I was pleasantly surprised to find out that this book was so much more.
Asha doesn’t just stand by her man, although she does do that to an infuriating degree, while he builds a company. She is The Startup Wife in the true sense of the word. Ahsa creates the tech that makes the company possible. Witout Asha and her algorithm, WAI would not exists.
Asha doesn’t sit quietly by while her husband takes up with another woman. No, the person who Cyrus falls in love with is himself. And while the results are no less damaging, Asha saw the likley implosion of her marriage almost from the start.
Worshipping the Messiah
The Startup Wife calls into question many facets of modern society. Starting with organzied religion.
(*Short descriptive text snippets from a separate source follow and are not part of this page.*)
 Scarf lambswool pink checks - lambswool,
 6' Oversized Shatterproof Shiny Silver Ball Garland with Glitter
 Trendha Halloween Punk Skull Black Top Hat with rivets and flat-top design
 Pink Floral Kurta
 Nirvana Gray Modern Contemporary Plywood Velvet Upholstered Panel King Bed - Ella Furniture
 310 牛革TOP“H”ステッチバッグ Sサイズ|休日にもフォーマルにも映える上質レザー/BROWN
WAI is creaeted as an alternative to religion. Cyrus eyes the growing secularism of society and believes that even people who no longer believe in God still seek the comfort of ritual and the sense of belonging that common traditions bring. Through Asha’s coding brilliance, they create an app that allows non-believers to find belonging with others who share similar interests and ideas.
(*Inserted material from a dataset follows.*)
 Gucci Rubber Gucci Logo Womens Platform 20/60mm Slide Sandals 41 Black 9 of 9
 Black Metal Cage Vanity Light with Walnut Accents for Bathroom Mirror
But it’s not long before these non-belieovers are putting all their faith in WAI, and in Cyrus, the public face of WAI. The Startup Wife makes you ponder if humans are hardwired to worship someone. Like the male visionaries who run tech comapnies.
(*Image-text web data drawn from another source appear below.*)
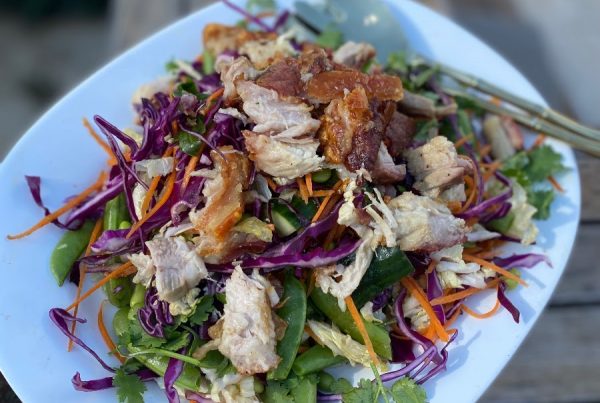 Edamame Crunch Salad with Crispy Pork Belly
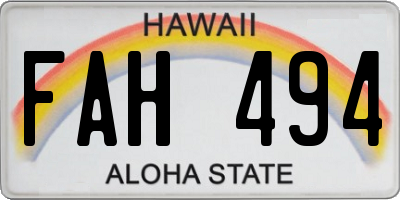 HI license plate FAH494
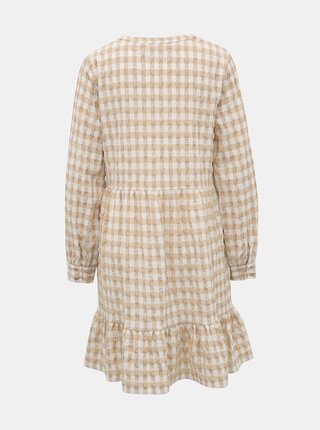 Bielo-béžové kockované šaty VERO MODA Kimi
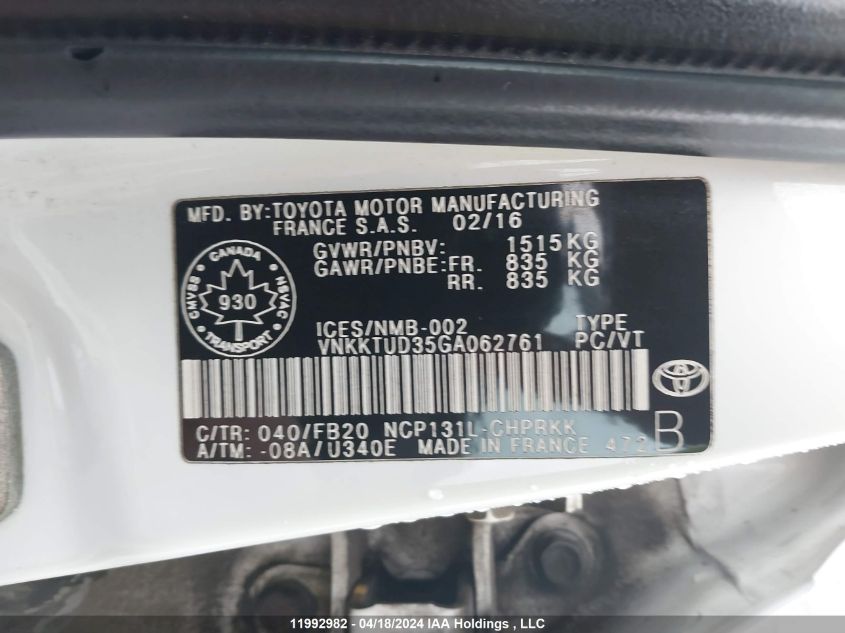 2016 Toyota Yaris L/Le/Se VIN: VNKKTUD35GA062761 Lot: 11992982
Or something. Like technology itself. Or success. Or workaholism.
I felt myself reexamining the role that religion plays in my own life, admitedly not a very large one. And whether something else fills that void. The Startup Wife definiteily made me think about the need for faith and tradition and belonging.
A Man’s World
Anotherr theme running through The Startup Wife is feminism. And that’s a theme that is close to my heart. Especially as I try to raise a brilliant sixteen year old daugher who is grappling with her place in what is still, essentially a man’s world.
The Startup Wife takes on this problem head on. It was Asha who created the app. Without her code there would be no compay. And yet, at the begining of the book, she pushes her husband to be the CEO, the face of the company. “I’m just a coder. I’m going to sit in the background,” But even as she says it, I wonder if she believes it. Or if she recognizes the ramifications that this decision has.
How often do women willingly take the back seat? Let men shine? Unwititngly turn over power to the men in their lives?
Asha’s early decisions have serious ramifications as The Startup Wife progresses and Cyrus settles into his new role as a prophet. Whether he gets swept up in the glory, or like so many men is just preconditoned to belive that he is better, smarter, and more deserving of status and success than Asha, it’s not long before he’s dismissing her both literally and figuratively.
A strong cast of female characters in The Startup Wife who have to work twice as hard as the men to acheive success, demonstarte the blatant sexism that exists in startup culture, the tech world, and throughout the U.S. today. But their unabashed efforts to fight back and claime their equality give me hope for the future. These women, young, old, and in between stand up to racist and sexist language and fight for their place at the table.
What’s Love Got to Do With It?
Finally, at it’s core The Startup Wife is a love story. And a cautionary tale about what happens when you mix business and pleasure. When you let one person become your everything.
Early on in the book a lawyer advises the couople that their marriage will never succeed if they start a business together. But young, naive, and in love they laugh him off.
To anyone who’s been married for any length of time, this advice seems prophetic. And in any event there is such a thing as too much togetherness.
Finally, Asha realizes, “I literally created a platform that makes the entire world worship my husband.” What could posibly ne wrong with that?
If you’ve ever felt a little bit disenchanted with social media or the tech empires, or out of place in a world designed by and for men, or unsure of the place you hold in another’s heart, The Satrtup Wife will give you plenty to think about. But you’ll be entertained all the way through.